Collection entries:

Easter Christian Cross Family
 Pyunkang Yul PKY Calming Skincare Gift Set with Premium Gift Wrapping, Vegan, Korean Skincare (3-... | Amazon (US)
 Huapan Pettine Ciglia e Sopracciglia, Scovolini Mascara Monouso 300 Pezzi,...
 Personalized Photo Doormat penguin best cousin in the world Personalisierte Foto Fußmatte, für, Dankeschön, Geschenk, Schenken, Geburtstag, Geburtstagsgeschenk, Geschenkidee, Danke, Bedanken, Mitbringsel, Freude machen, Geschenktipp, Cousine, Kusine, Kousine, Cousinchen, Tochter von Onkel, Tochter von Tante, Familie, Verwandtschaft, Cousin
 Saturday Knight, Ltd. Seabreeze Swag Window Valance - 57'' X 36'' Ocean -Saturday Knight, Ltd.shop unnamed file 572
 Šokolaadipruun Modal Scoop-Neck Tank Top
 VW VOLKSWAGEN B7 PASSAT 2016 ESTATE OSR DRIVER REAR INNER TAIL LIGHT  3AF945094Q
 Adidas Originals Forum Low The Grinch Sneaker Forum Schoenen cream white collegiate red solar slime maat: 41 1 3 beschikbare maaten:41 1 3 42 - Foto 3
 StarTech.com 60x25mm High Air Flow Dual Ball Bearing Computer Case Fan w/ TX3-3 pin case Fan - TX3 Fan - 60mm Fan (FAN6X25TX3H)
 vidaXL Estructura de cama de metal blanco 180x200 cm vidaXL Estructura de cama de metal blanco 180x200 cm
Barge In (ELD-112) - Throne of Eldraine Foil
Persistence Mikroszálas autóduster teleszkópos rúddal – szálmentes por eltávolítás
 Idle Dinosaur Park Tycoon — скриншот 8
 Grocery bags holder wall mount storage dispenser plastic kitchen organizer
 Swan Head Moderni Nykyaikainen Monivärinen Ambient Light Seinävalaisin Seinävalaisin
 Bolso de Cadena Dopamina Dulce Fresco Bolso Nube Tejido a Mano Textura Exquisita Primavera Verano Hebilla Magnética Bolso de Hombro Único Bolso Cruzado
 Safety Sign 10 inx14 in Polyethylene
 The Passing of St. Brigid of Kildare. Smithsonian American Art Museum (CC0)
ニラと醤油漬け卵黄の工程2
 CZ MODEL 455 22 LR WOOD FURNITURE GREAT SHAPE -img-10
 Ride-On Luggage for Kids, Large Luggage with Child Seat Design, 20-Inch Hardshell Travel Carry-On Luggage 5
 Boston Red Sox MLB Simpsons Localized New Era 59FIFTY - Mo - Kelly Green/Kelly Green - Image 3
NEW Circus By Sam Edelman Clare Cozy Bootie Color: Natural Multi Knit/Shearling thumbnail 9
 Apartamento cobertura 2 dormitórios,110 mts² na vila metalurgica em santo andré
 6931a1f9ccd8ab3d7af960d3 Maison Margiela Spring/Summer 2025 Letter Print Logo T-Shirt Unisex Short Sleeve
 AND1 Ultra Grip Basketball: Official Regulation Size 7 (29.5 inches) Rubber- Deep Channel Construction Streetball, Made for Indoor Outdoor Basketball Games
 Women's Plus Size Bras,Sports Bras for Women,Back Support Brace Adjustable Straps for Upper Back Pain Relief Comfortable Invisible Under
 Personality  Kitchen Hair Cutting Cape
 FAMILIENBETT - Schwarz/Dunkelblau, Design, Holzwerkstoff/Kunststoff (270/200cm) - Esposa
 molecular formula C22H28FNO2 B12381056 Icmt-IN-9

> _Directions for this task_
In the records above, the line with "Šokolaadipruun Modal Scoop-Neck Tank Top" marks the start and the line with "Grocery bags holder" marks the end; copy that stretch exactly, both lines included, and nothing else.

> _Output of the exercise_
 Šokolaadipruun Modal Scoop-Neck Tank Top
 VW VOLKSWAGEN B7 PASSAT 2016 ESTATE OSR DRIVER REAR INNER TAIL LIGHT  3AF945094Q
 Adidas Originals Forum Low The Grinch Sneaker Forum Schoenen cream white collegiate red solar slime maat: 41 1 3 beschikbare maaten:41 1 3 42 - Foto 3
 StarTech.com 60x25mm High Air Flow Dual Ball Bearing Computer Case Fan w/ TX3-3 pin case Fan - TX3 Fan - 60mm Fan (FAN6X25TX3H)
 vidaXL Estructura de cama de metal blanco 180x200 cm vidaXL Estructura de cama de metal blanco 180x200 cm
Barge In (ELD-112) - Throne of Eldraine Foil
Persistence Mikroszálas autóduster teleszkópos rúddal – szálmentes por eltávolítás
 Idle Dinosaur Park Tycoon — скриншот 8
 Grocery bags holder wall mount storage dispenser plastic kitchen organizer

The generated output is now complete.